-------- Records for the exercise --------

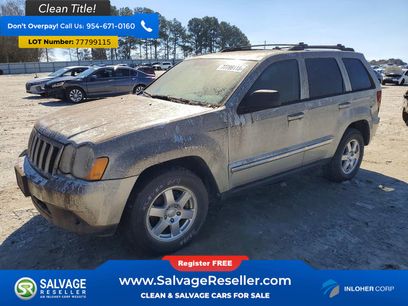 Used 2010 Jeep Grand Cherokee Laredo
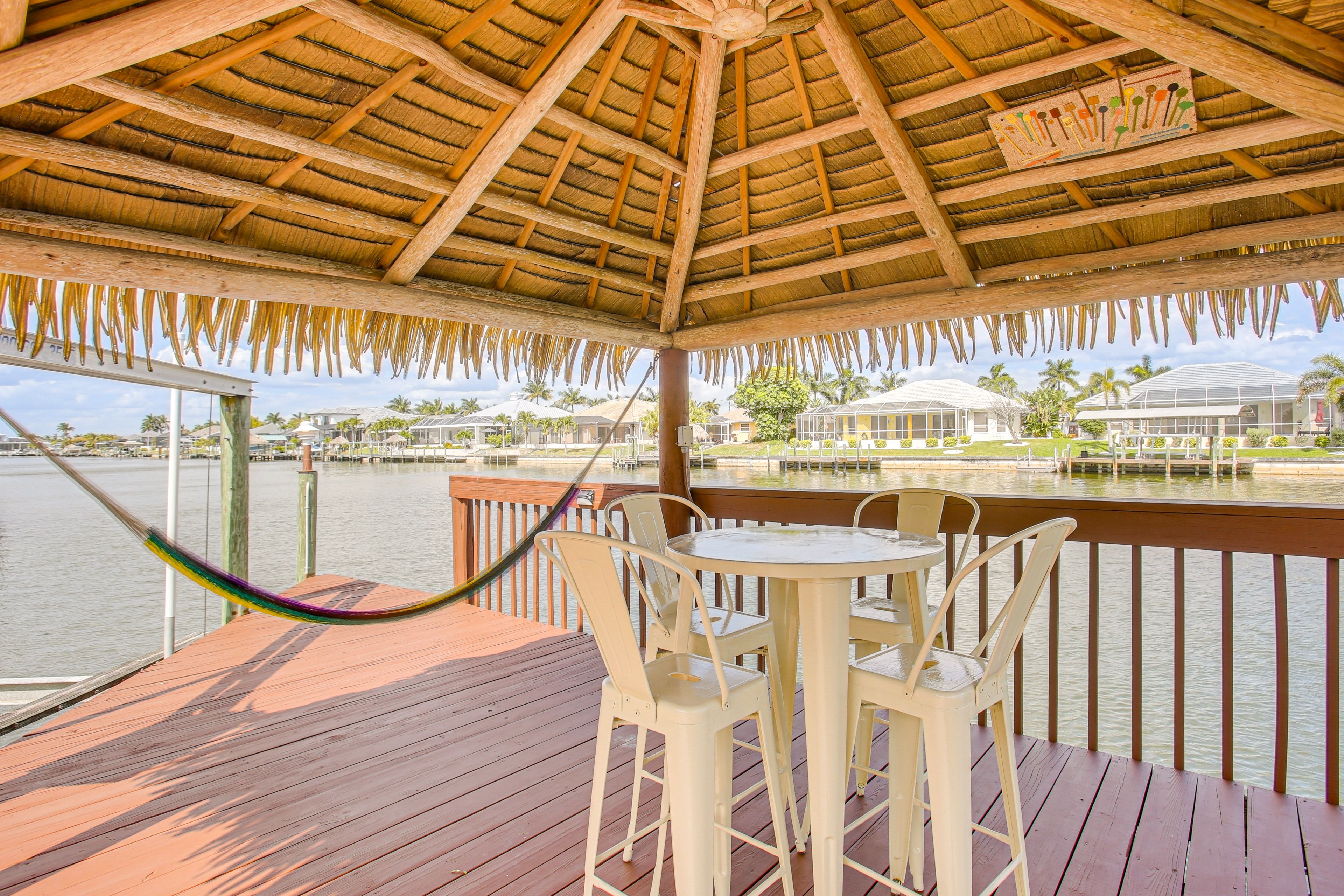 Cape Coral Vacation Rental | 3BR | 2.5BA | 2,500 Sq Ft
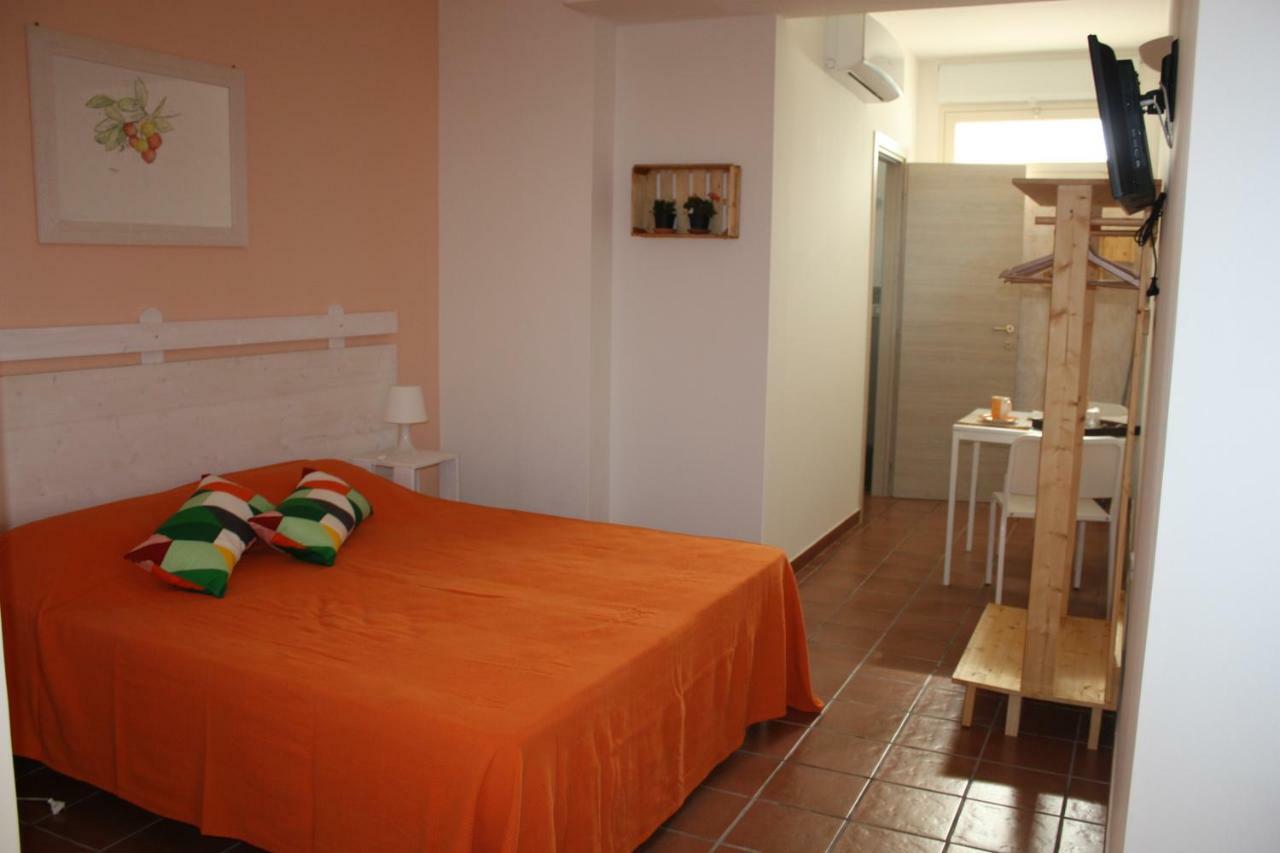 La Macchia Bed and Breakfast Melendugno Buitenkant foto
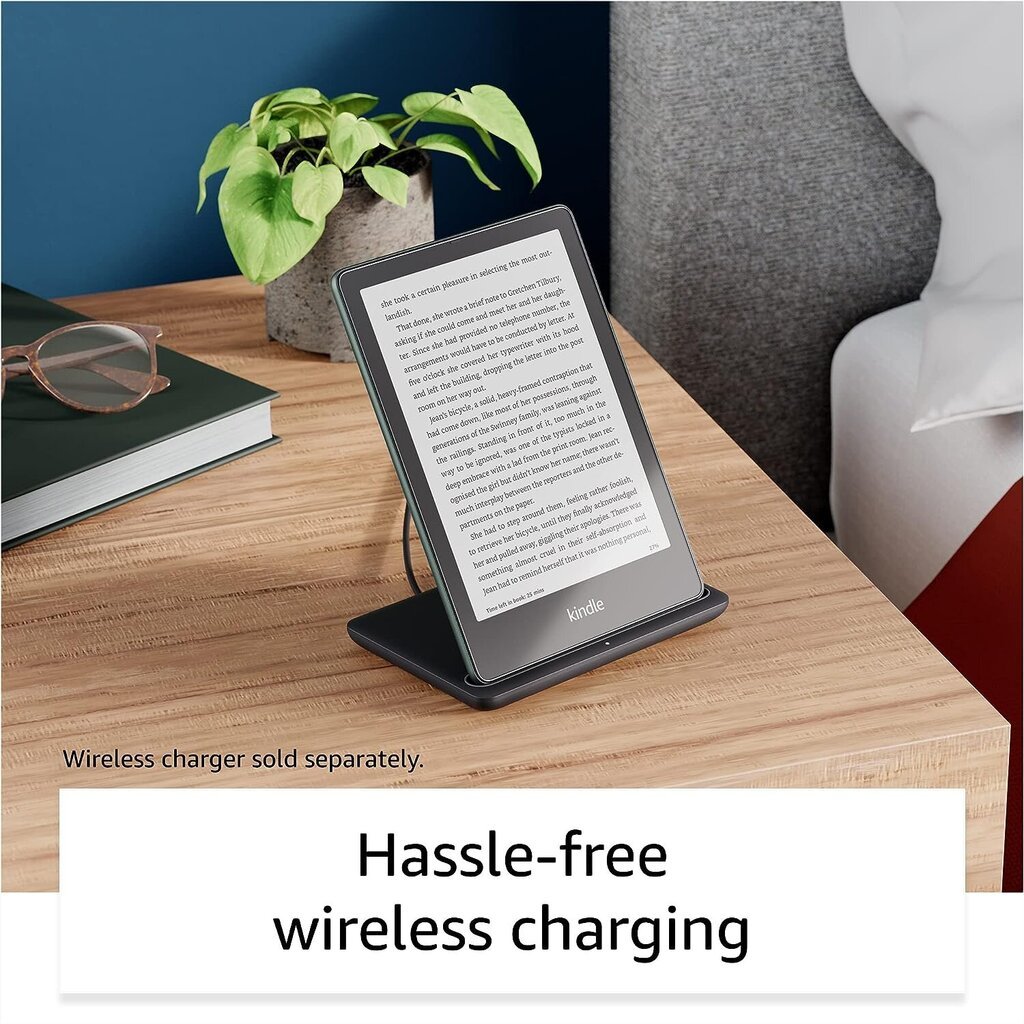 Kindle Paperwhite WiFi Signature Edition 32 GB Blue цена и информация | E-lugerid | kaup24.ee
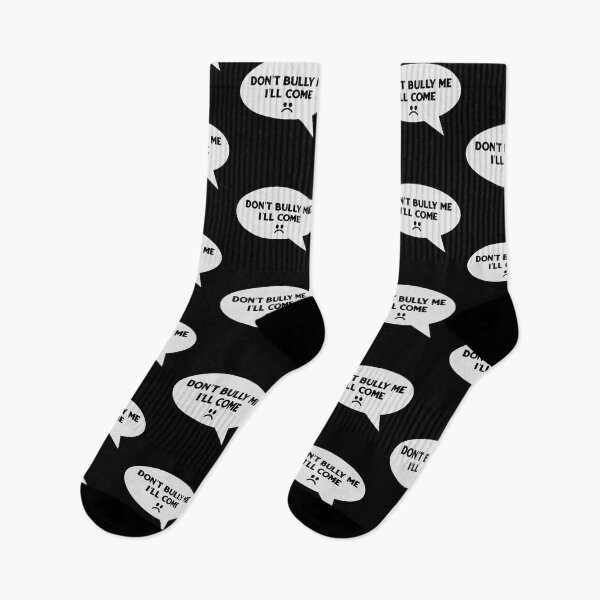 Item preview, Don't Bully Me I'll Come designed and sold by TinysKaden.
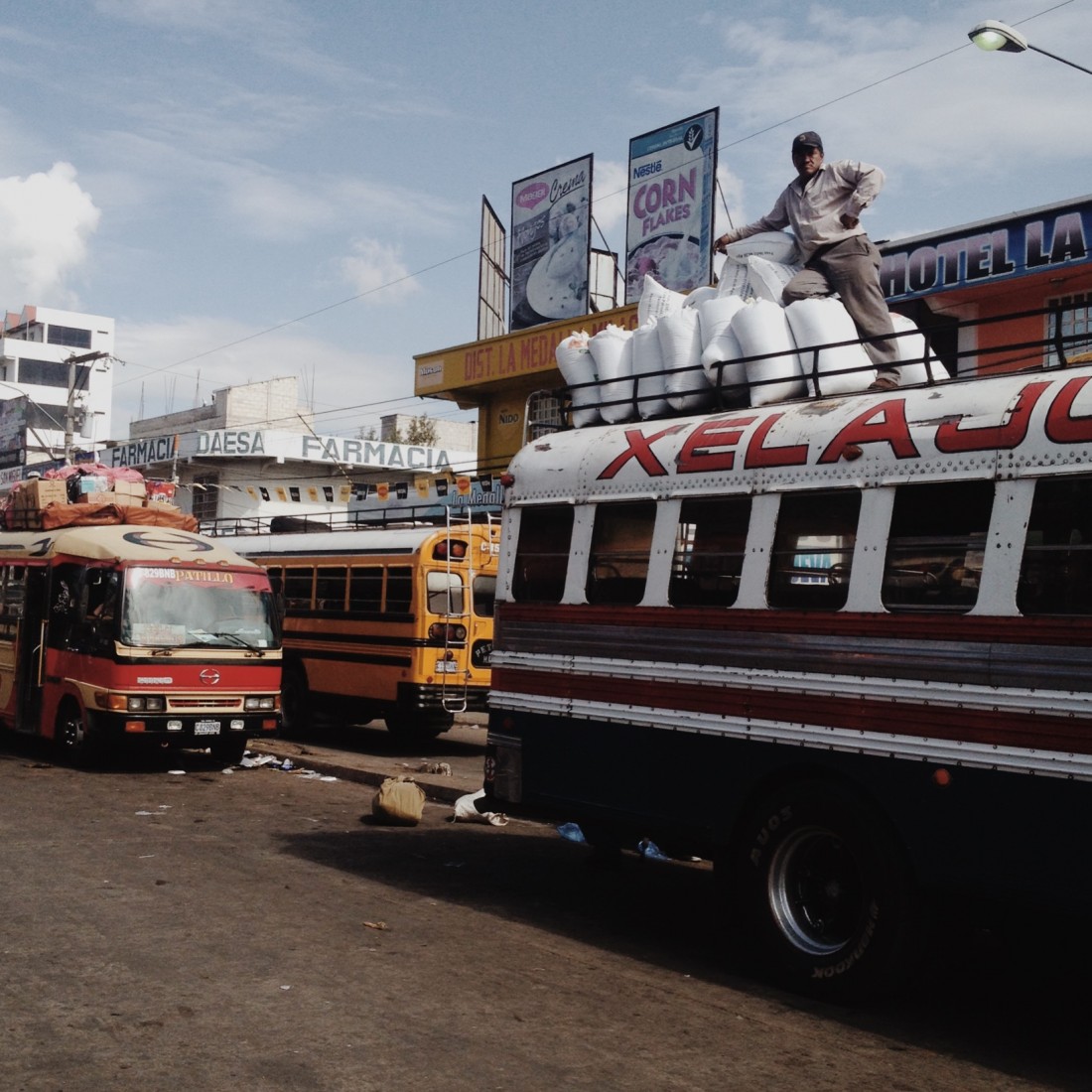 Guatemala Quetzaltenango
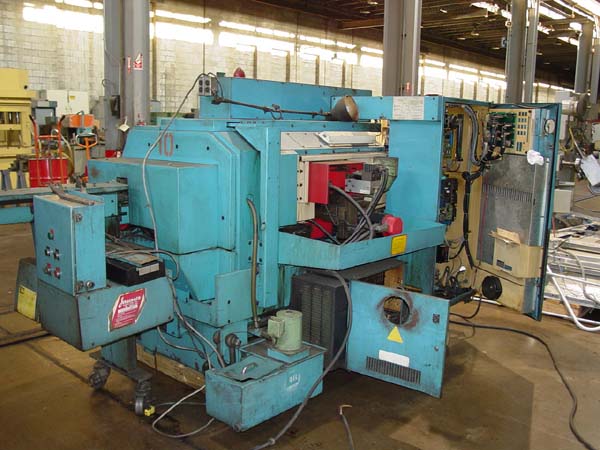 Miyano BNC-34 CNC Turning Center with Live Tooling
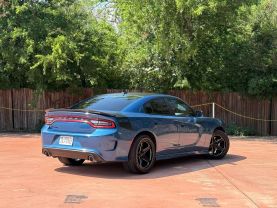 2020 DODGE CHARGER SEDAN V8, HEMI, 5.7 LITER R/T SEDAN 4D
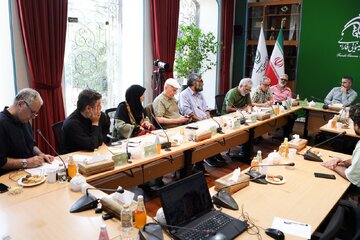 گردهمایی چهرههای شاخص سینمای ایران برای پیچینگ ۱۴۰۵ فارابی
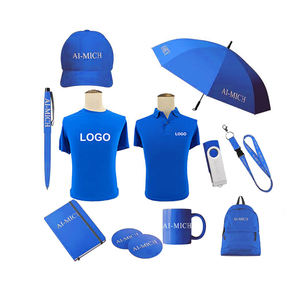 Set Hadiah Promosi Perusahaan Grosir AI-MICH, Planner Bisnis Kustom, Set Hadiah untuk Klien VIP, Geschenkset - Product Image 1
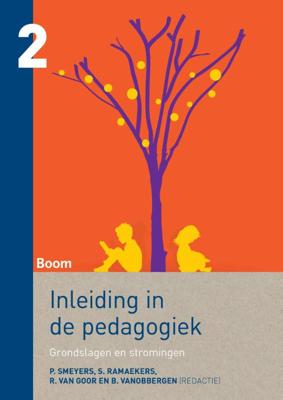 Inleiding in de pedagogiek (Paperback)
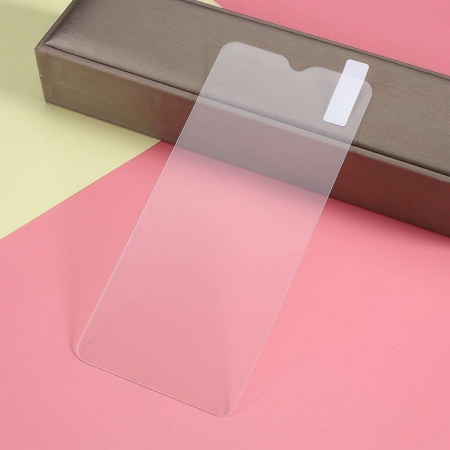 Folie Sticla Securizata Flippy, 9H, Transparenta HD, pentru Samsung Galaxy M20 Transparent [1]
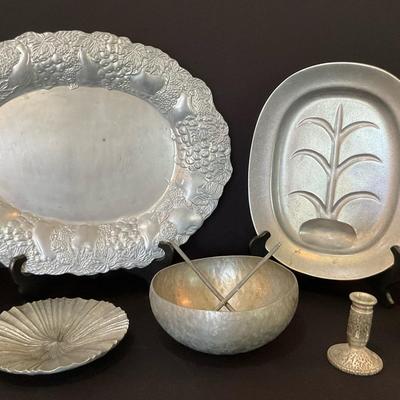 Pewter Collection And Friends 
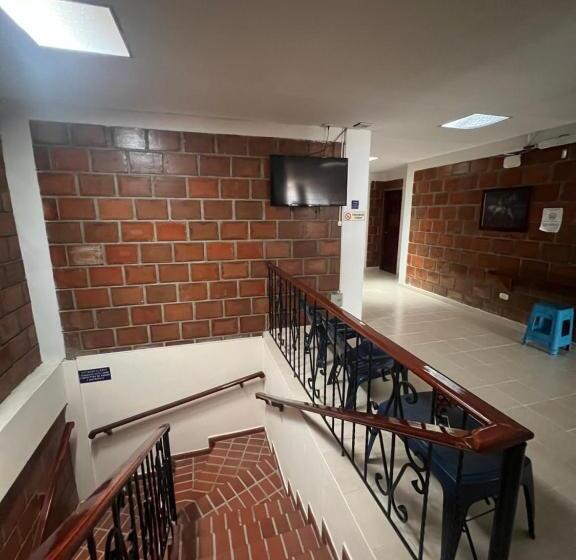 Pension Hostal El Paraiso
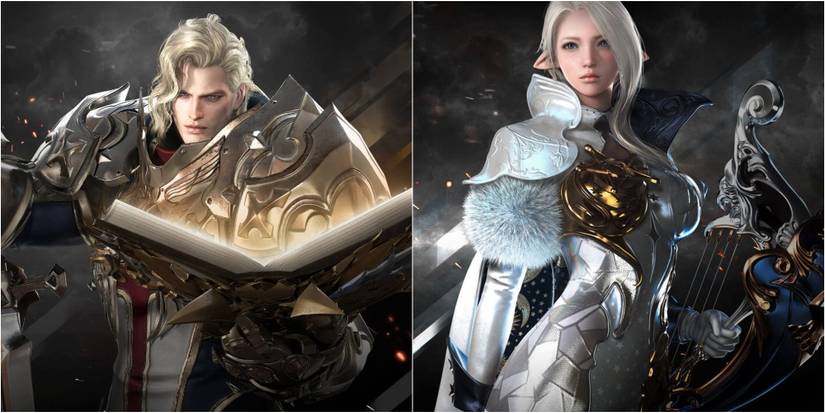 Lost Ark Paladin Vs Bard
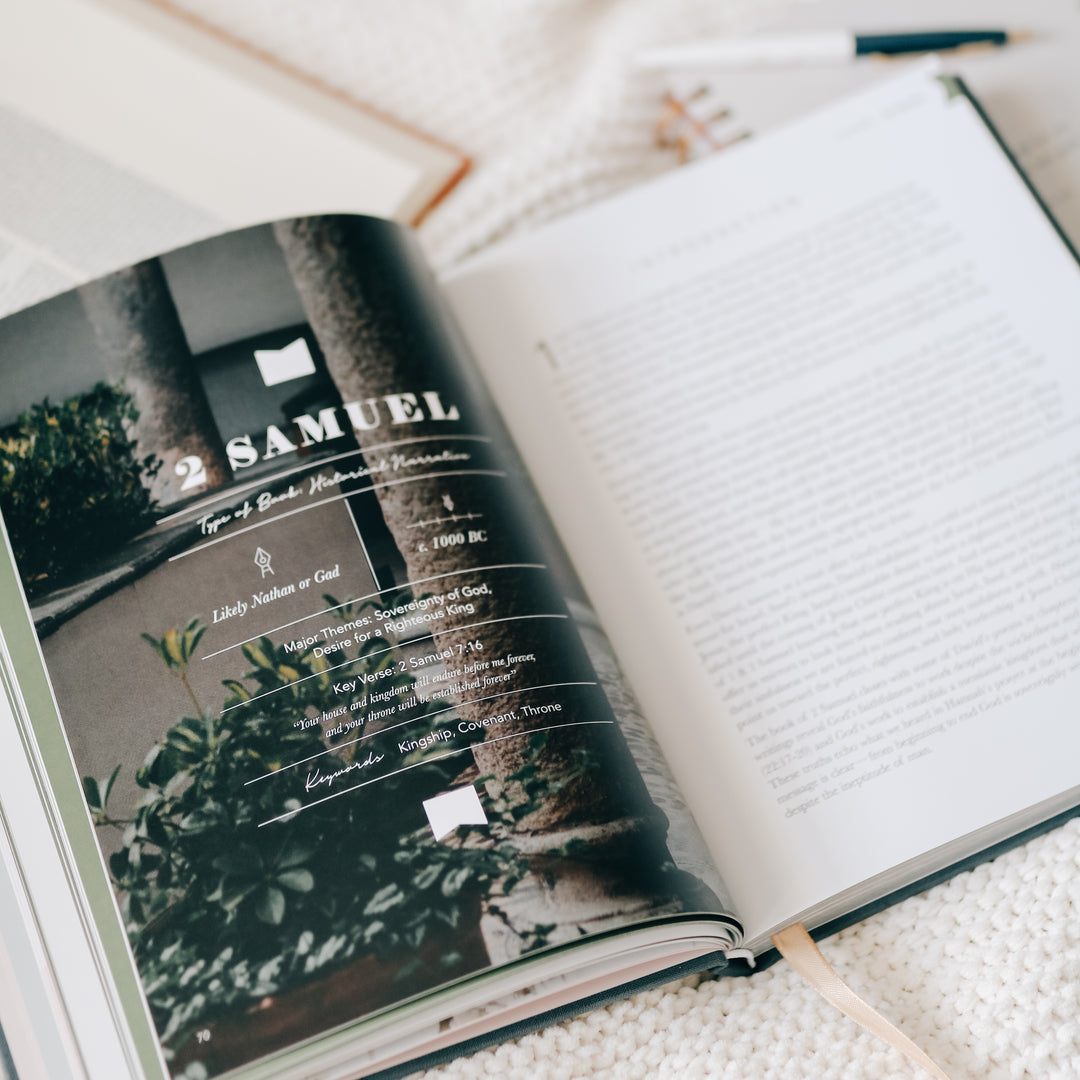 Retiring - The Bible Handbook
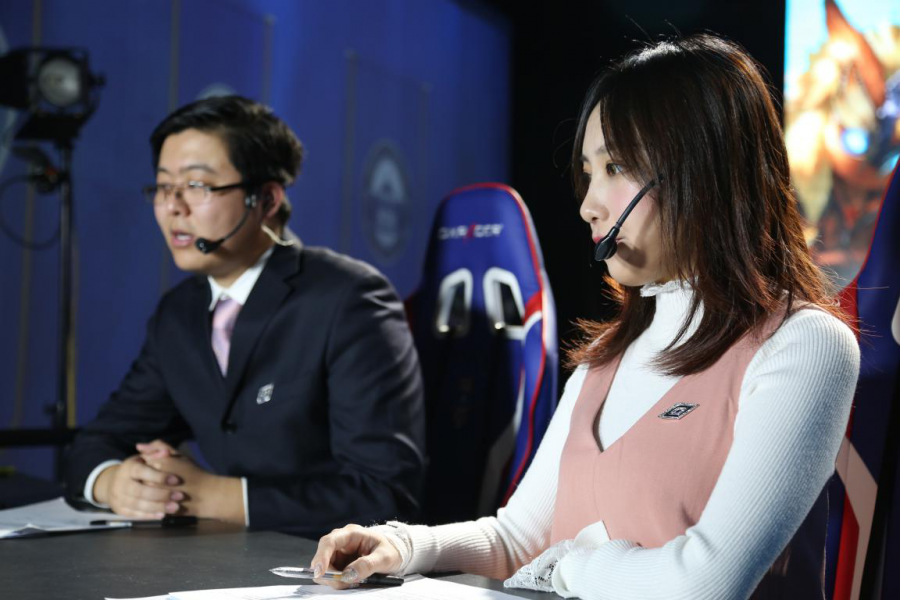 国际电子竞技嘉年华中国大陆赛区完美落幕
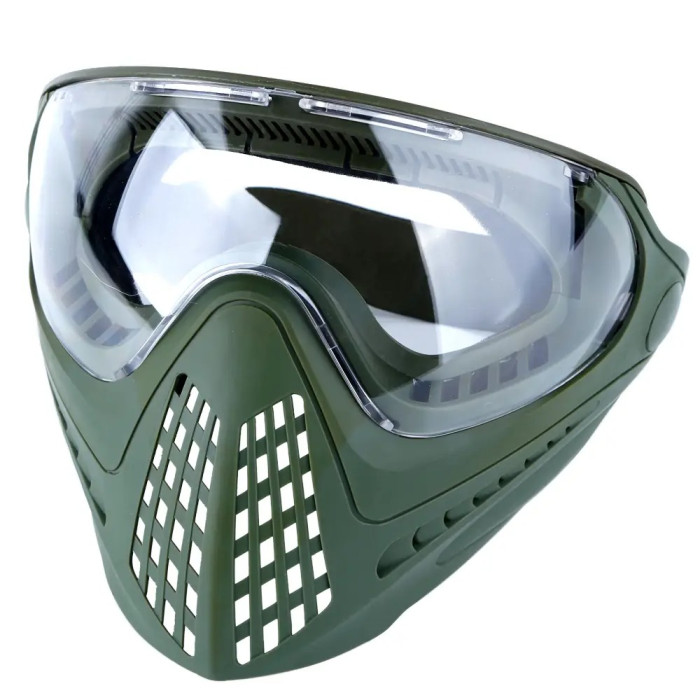 Маска защитная WoSport WST Piloteer OD Green  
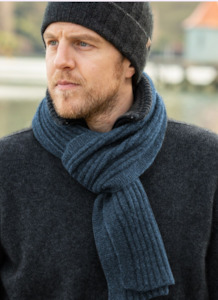 Noble Wilde: RIB SCARF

--------

== Exercise requirements ==
Give back the material above exactly, but without its images.

== Response to this exercise ==
 Used 2010 Jeep Grand Cherokee Laredo
 Cape Coral Vacation Rental | 3BR | 2.5BA | 2,500 Sq Ft
 La Macchia Bed and Breakfast Melendugno Buitenkant foto
 Kindle Paperwhite WiFi Signature Edition 32 GB Blue цена и информация | E-lugerid | kaup24.ee
 Item preview, Don't Bully Me I'll Come designed and sold by TinysKaden.
 Guatemala Quetzaltenango
 Miyano BNC-34 CNC Turning Center with Live Tooling
 2020 DODGE CHARGER SEDAN V8, HEMI, 5.7 LITER R/T SEDAN 4D
 گردهمایی چهرههای شاخص سینمای ایران برای پیچینگ ۱۴۰۵ فارابی
 Set Hadiah Promosi Perusahaan Grosir AI-MICH, Planner Bisnis Kustom, Set Hadiah untuk Klien VIP, Geschenkset - Product Image 1
 Inleiding in de pedagogiek (Paperback)
 Folie Sticla Securizata Flippy, 9H, Transparenta HD, pentru Samsung Galaxy M20 Transparent [1]
 Pewter Collection And Friends 
 Pension Hostal El Paraiso
 Lost Ark Paladin Vs Bard
 Retiring - The Bible Handbook
 国际电子竞技嘉年华中国大陆赛区完美落幕
 Маска защитная WoSport WST Piloteer OD Green  
 Noble Wilde: RIB SCARF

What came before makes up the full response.